Digital 100s are priced between 0-100. If the price is closer to 100 then we are pricing the event as more likely to occur, while if the price is closer to 0 then we are pricing the event as less likely to occur.

​​The outcome of a digital 100 ie whether a specified event has occurred or not, is determined against the reference price, known as the settlement price. The settlement price is only relevant for determining whether you have won or lost a digital 100.

Indices

Cash

Using a blend of the underlying benchmark index price data and futures price data (adjusted for any dividends, the applicable interest rate and the time to expiry) our automated pricing engine calculates a theoretical cash price for each digital 100 expiry (the timeframe for each digital 100).  The theoretical cash price along with the strike price, time to expiry, effective interest rate and our expectation of volatility are factored when calculating our digital 100 prices. Each digital 100 expiry is then subject to market-making (by our automated pricing engine or manually by our dealers).

Settlement prices are based on the relevant underlying benchmark index price data. (The basis of the settlement price for each digital 100 expiry is described on the platform.)

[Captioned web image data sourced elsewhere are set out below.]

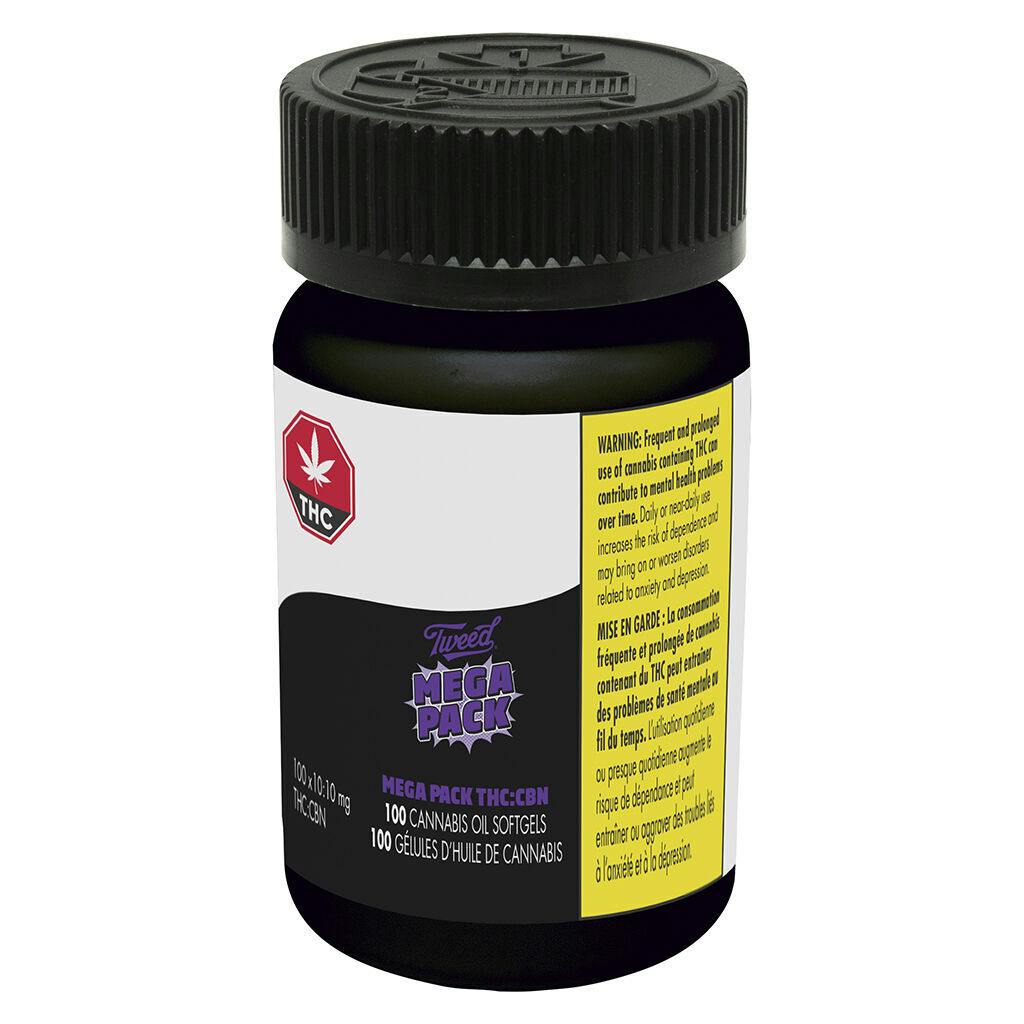Tweed - mega pack thc:cbn 10:10 - 100 caps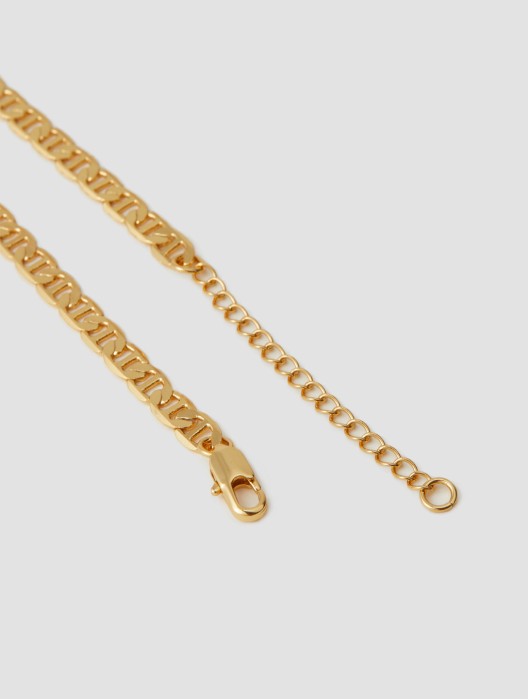 Flat Mariner Chain Necklace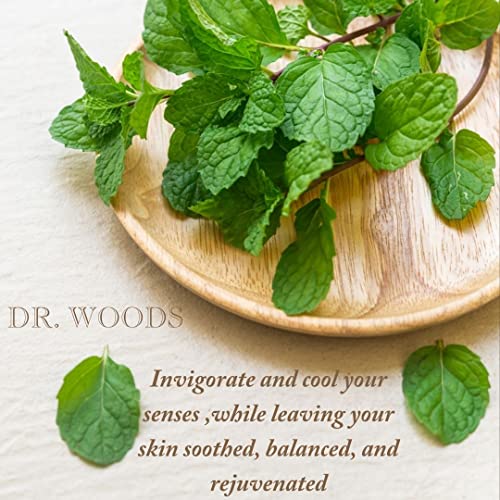 Dr. Woods Raw Moisturizing Black Peppermint Soap with Organic Shea Butter, 32 Ounce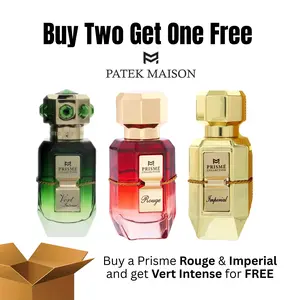 BOGO Offer: Prisme Rouge & Imperial + FREE Prisme Vert Intense 1.0oz | Patek Maison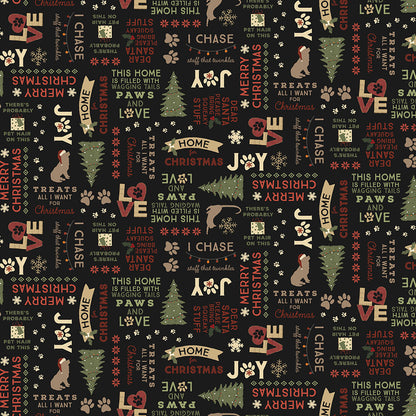 Christmas Tails Fat Quarter Stack | 13 FQ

Note: the blend (of the underlying benchmark index price data and futures price data) used in pricing calculations may be different for each digital 100 expiry and this may also differ from the blends used to generate CFD and spread bet margin trade prices and/or Countdown opening prices. This is because digital 100 prices need to reflect the respective short- to medium-term changes in the relationship between the underlying futures price and the underlying benchmark index price, which itself differs depending on the duration of the digital 100 expiry.

FX, Gold & Silver

Cash

Using prices sourced from several major liquidity providers to the OTC FX and bullion market (Deutsche Bank, JP Morgan, Barclays, Goldman Sachs, UBS, Citi and HSBC*) our automated pricing engine calculates aggregated prices for US dollar FX pairs  such as USD/CHF or GBP/USD, weighting them by time, mid-price and spread. All non US dollar FX crosses are generally then synthetically created from the applicable US dollar FX pairs, although in some instances may be created using the same method as that for US dollar FX pairs explained above. This price along with the strike price, time to expiry, effective interest rate and our expectation of volatility is used by our automated pricing engine to create our digital 100 prices. Each digital 100 expiry is then subject to market-making (by our automated pricing engine or manually by our dealers).

*These liquidity providers were used at the time this content was written.​​

Settlement prices are based on the relevant aggregated prices automatically generated by our automated pricing engine. (The basis of the settlement price for each digital 100 expiry is described on the platform.)

Treasuries and commodities (excluding Gold and Silver)

Forwards

The underlying futures price data is used by our automated pricing engine to calculate our digital 100 prices along with the strike price, time to expiry, effective interest rate and our expectation of volatility. Each digital 100 expiry is then subject to market-making (by our automated pricing engine or manually by our dealers).

Settlement prices are based on the relevant underlying futures price data. (The basis of the settlement price for each expiry length is described on the platform.)